Afrika: Wie Corona in Mali alles noch schwieriger macht

Die Bundeswehr ist an mehreren Missionen in Mali beteiligt. Bald enden die Mandate - aber Corona verschärft viele Probleme. Experten fordern einen Strategiewechsel.

Trotz Corona waren die Malier Ende März zu den Parlamentswahlen aufgerufen worden - ein wichtiger Meilenstein für die Demokratie. Doch nur wenige Malier gaben bei den seit 2018 mehrfach verschobenen Wahlen ihre Stimme ab.


Norden von Terror und Gewalt erschüttert

Ein Grund: die Corona-Krise, die in Mali alles noch schwieriger macht. Das westafrikanische Land hat eine schlechte Gesundheitsversorgung und Infrastruktur und wird vor allem im Norden seit Jahren von terroristischer Gewalt erschüttert. Der wichtigste Oppositionspolitiker, Soumaïla Cissé, wurde kurz vor den Wahlen vermutlich von Islamisten entführt.

Internationale Truppen und ein UN-Einsatz versuchen seit 2013, das Land zu stabilisieren. Corona macht zwar vor niemandem halt, aber die Frage ist, ob die Terroristen von der Corona-Krise sogar  profitieren könnten.



Bundeswehr-Mandate auf dem Prüfstand

Deutschland ist in Mali zweifach vertreten, mit hunderten Soldaten: Einmal beim UN-Einsatz (MINUSMA) und bei der EU-geleiteten Ausbildungsmission für lokale Sicherheitskräfte (EUTM).

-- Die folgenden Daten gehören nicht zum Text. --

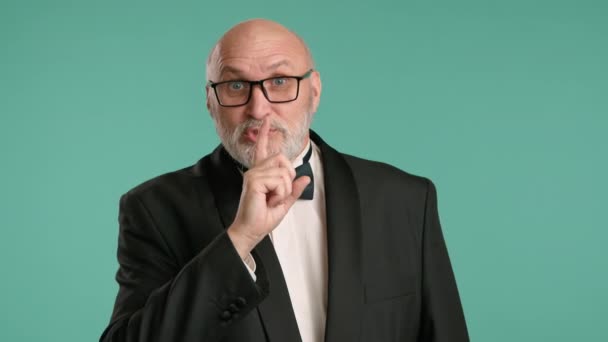 Ein Gut Gekleideter Herr Schwarzen Smoking Legt Einen Finger Seine — Stockvideo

Das Bundeswehr-Mandat für MINUSMA läuft Ende Mai 2020 aus. Der Einsatz gilt bis heute als die gefährlichste Blauhelm-Mission weltweit. Das Mandat der Vereinten Nationen (VN) endet einen Monat später. Bundesverteidigungsministerin Annegret Kramp-Karrenbauer (CDU) hat Anfang April bereits angekündigt, die deutschen Mandate (MINUSMA und EUTM) verlängern zu wollen.

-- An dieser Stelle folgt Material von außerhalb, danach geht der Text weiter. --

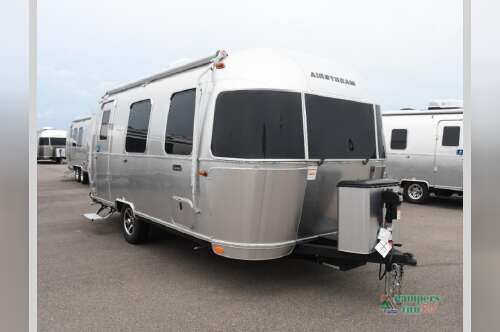 2026 Airstream Caravel 22FB in ramsey MN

"Die Terroristen werden durch die Krise gestärkt und können sich als Helfer dort zeigen, wo der Staat abwesend ist" - diese Meinung vertritt die MINUSMA-Führung.


Wolf Kinzel von der Stiftung Wissenschaft und Politik, der auch Angehöriger der Bundeswehr ist, fordert aus diesem Grund, den Schwerpunkt der Einsätze zu verschieben:


Die zivilen Maßnahmen müssen der Hauptanteil werden. Dieser Krieg ist mit militärischen Mitteln allein nicht zu beenden.
Wolfgang Kinzel, Experte Stiftung Wissenschaft und Politik


Das sei zwar schon vor Corona klar gewesen, aber in der akuten Krise müsste die Bundeswehr dem malischen Staat helfen, sichtbar und effektiv für die Bevölkerung da zu sein. "Wir müssen jetzt höchst flexibel sein und da helfen, wo wir es können", sagt Kinzel.

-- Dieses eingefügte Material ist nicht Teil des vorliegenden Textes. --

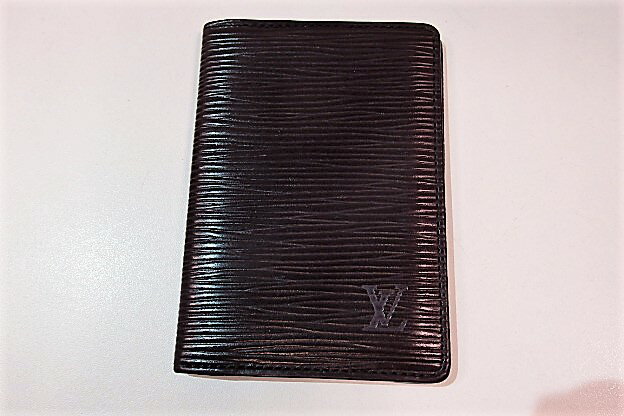 ルイ ヴィトン LOUIS VUITTON 二つ折り カードケース カード入れ 名刺入れ エピ オーガナイザー ドゥ ポッシュ M63582 ノワール 黒 ブラック レザー ロゴ ファッション ビジネス 小物 メンズ レディース 【中古】【送料無料】 bc918のサムネイル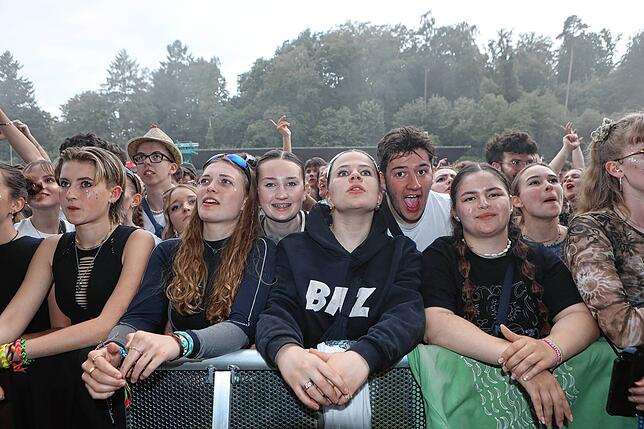 Bild 20: Im Stadion wird am zweiten Tag des Campus-Festivals nochmals aufgedreht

Einige Analysten teilen diese Sicht der Dinge, dagegen rät Blog-Autor und Analyst Alex Thurston zum Abwarten, denn die Auswirkungen könnten komplex sein und beispielsweise die oft gesundheitlich angeschlagenen Terror-Kämpfer auch massiv schwächen.


Druck auf den Dialog mit Extremisten



Kinzel betont außerdem, dass sich erstens die Einsätze besser miteinander vernetzen und zweitens noch regionaler gedacht werden müsse. Ein Schwerpunkt der Gewalt hat sich im Dreiländer-Grenzgebiet zwischen Mali, Niger und Burkina-Faso entwickelt (Liptako-Gourma).

Eine Schlüsselrolle spielen die Franzosen, die bis weit ins 20. Jahrhundert hinein fast die komplette Region als Kolonialherren kontrollierten. Sie sind seit 2013 im Anti-Terror-Einsatz; Deutschland lehnt es bisher ab, die Mission "Barkhane" zu unterstützen.


Politologe: Französischer Einsatz gescheitert

Der französische Politikwissenschaftler Marc-Antoine Pérouse de Montclos sieht den französischen Einsatz als gescheitert und fordert gar den kompletten Rückzug, sein US-Kollege Alex Thurston plädiert für einen Teilrückzug. Die Franzosen müssten der malischen Regierung den Raum geben, um den beschlossenen Dialog mit einem Teil der Extremisten zu ermöglichen.


Lokale Experten betonen, dass vor allem rangniedrige Mitglieder der Bewegung - Köche, Fahrer, Handlanger - in die Gespräche einbezogen werden sollten. Schließlich sei der Mangel an Lebensperspektiven ein treibender Faktor für den Extremismus.